Look through the data below for the line with "Tamino Every Dawn&#039;s", and transcribe it exactly together with each line after it up to and including the line with "Subwoofer BIG SYX-18-ACTIVE". Give nothing else.
Start of Given entries
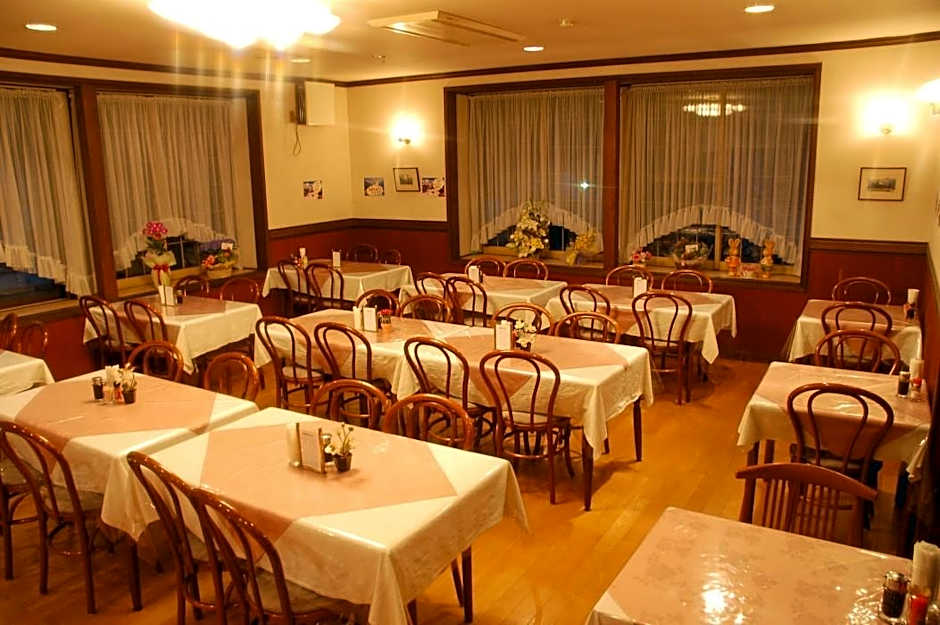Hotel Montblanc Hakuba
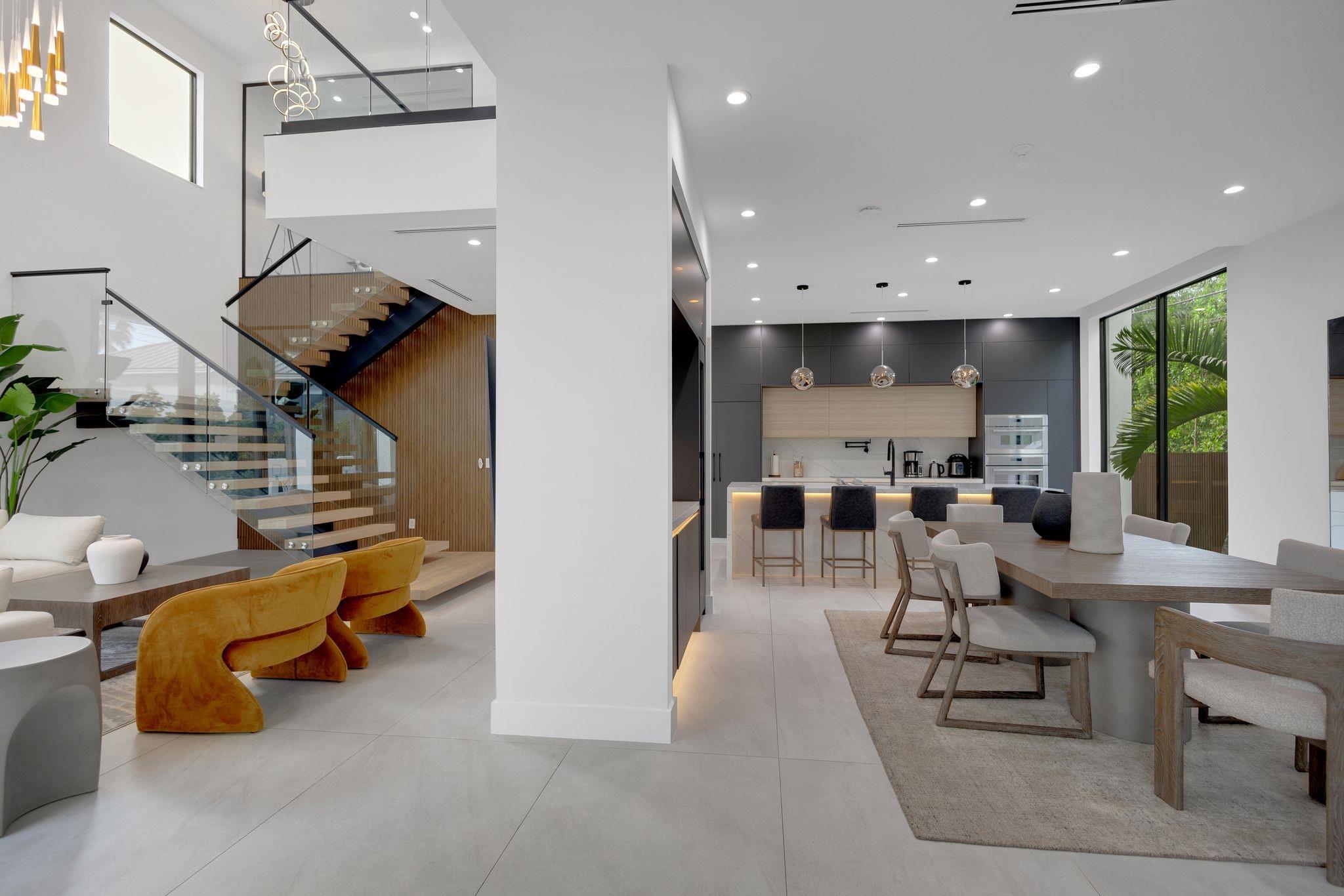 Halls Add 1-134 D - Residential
End of Given entries
Start of Given entries
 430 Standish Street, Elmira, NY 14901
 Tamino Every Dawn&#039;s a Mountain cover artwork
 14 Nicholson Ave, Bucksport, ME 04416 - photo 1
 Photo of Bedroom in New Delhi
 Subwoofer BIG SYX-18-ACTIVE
End of Given entries
Start of Given entries
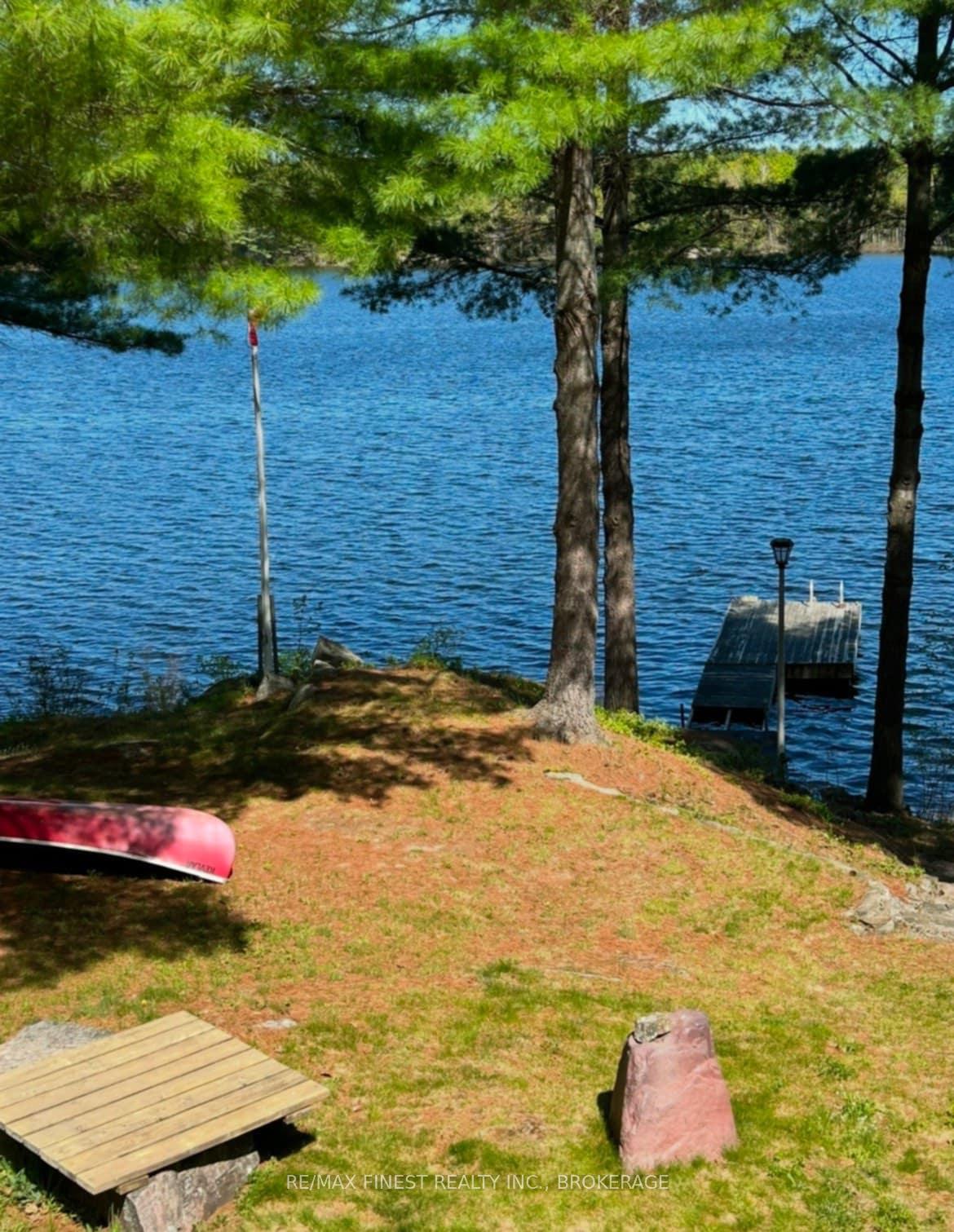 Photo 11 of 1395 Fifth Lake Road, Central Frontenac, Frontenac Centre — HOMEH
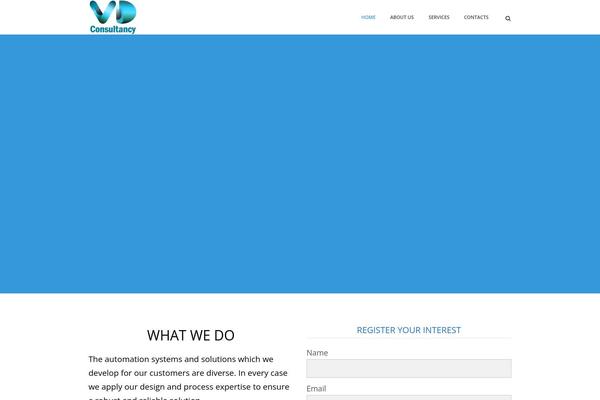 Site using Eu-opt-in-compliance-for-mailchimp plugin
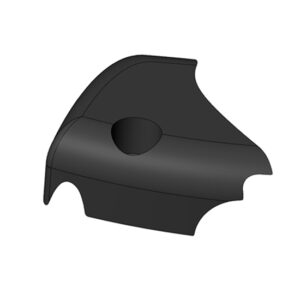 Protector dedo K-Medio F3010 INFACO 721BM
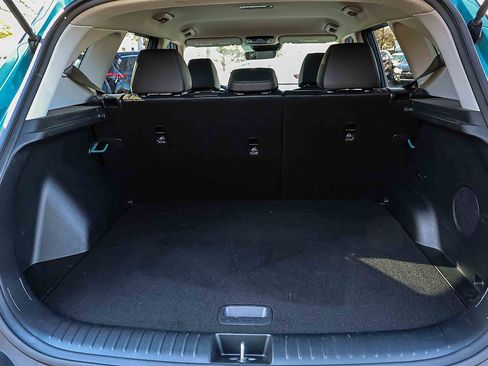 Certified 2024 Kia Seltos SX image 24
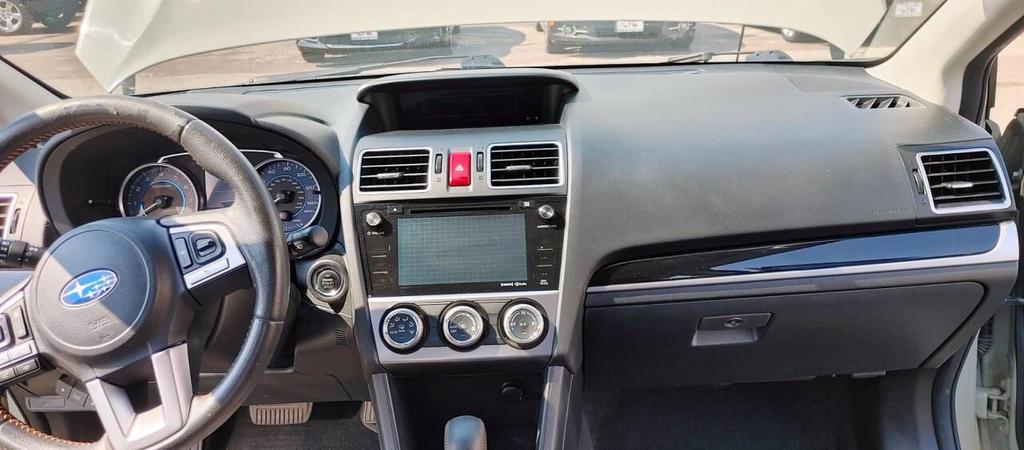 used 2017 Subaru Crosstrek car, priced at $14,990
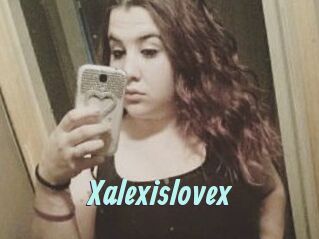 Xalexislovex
End of Given entries
## Solution to the exercise
 Tamino Every Dawn&#039;s a Mountain cover artwork
 14 Nicholson Ave, Bucksport, ME 04416 - photo 1
 Photo of Bedroom in New Delhi
 Subwoofer BIG SYX-18-ACTIVE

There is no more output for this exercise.